Scraped caption text data:
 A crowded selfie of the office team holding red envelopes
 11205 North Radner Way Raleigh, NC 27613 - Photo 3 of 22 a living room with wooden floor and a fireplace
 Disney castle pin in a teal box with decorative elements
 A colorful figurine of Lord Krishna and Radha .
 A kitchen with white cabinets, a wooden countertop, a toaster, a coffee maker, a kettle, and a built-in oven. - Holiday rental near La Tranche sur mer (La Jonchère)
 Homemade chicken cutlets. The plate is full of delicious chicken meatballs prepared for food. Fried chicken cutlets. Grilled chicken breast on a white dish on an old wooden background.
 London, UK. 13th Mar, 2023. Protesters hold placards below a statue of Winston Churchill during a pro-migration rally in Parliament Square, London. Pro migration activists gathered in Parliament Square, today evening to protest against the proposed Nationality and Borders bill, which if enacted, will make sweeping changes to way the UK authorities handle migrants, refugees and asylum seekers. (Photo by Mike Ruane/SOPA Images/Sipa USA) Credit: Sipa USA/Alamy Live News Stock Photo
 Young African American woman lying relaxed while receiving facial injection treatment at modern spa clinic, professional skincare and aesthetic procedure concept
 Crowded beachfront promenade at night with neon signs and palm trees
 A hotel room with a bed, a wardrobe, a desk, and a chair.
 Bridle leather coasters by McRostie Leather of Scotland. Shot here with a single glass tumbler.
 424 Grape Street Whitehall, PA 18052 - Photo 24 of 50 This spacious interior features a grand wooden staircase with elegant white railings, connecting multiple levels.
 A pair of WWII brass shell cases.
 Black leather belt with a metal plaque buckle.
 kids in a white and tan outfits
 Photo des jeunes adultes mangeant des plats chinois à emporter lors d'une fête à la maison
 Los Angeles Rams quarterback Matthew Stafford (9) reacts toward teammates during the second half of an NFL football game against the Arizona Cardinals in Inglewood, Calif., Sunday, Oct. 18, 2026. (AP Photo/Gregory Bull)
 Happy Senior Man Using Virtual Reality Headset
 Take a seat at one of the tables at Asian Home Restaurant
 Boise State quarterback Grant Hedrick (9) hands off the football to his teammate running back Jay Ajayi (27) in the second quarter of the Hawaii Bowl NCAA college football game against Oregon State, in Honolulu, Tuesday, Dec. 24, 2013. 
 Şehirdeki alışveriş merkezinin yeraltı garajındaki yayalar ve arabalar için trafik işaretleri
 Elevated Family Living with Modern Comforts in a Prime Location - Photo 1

▶ _WORK ORDER_: An exact, complete copy of the lines above from the one with "Crowded beachfront promenade" through the one with "Take a seat" is the whole answer.

▶ _ANSWER BOX_:
 Crowded beachfront promenade at night with neon signs and palm trees
 A hotel room with a bed, a wardrobe, a desk, and a chair.
 Bridle leather coasters by McRostie Leather of Scotland. Shot here with a single glass tumbler.
 424 Grape Street Whitehall, PA 18052 - Photo 24 of 50 This spacious interior features a grand wooden staircase with elegant white railings, connecting multiple levels.
 A pair of WWII brass shell cases.
 Black leather belt with a metal plaque buckle.
 kids in a white and tan outfits
 Photo des jeunes adultes mangeant des plats chinois à emporter lors d'une fête à la maison
 Los Angeles Rams quarterback Matthew Stafford (9) reacts toward teammates during the second half of an NFL football game against the Arizona Cardinals in Inglewood, Calif., Sunday, Oct. 18, 2026. (AP Photo/Gregory Bull)
 Happy Senior Man Using Virtual Reality Headset
 Take a seat at one of the tables at Asian Home Restaurant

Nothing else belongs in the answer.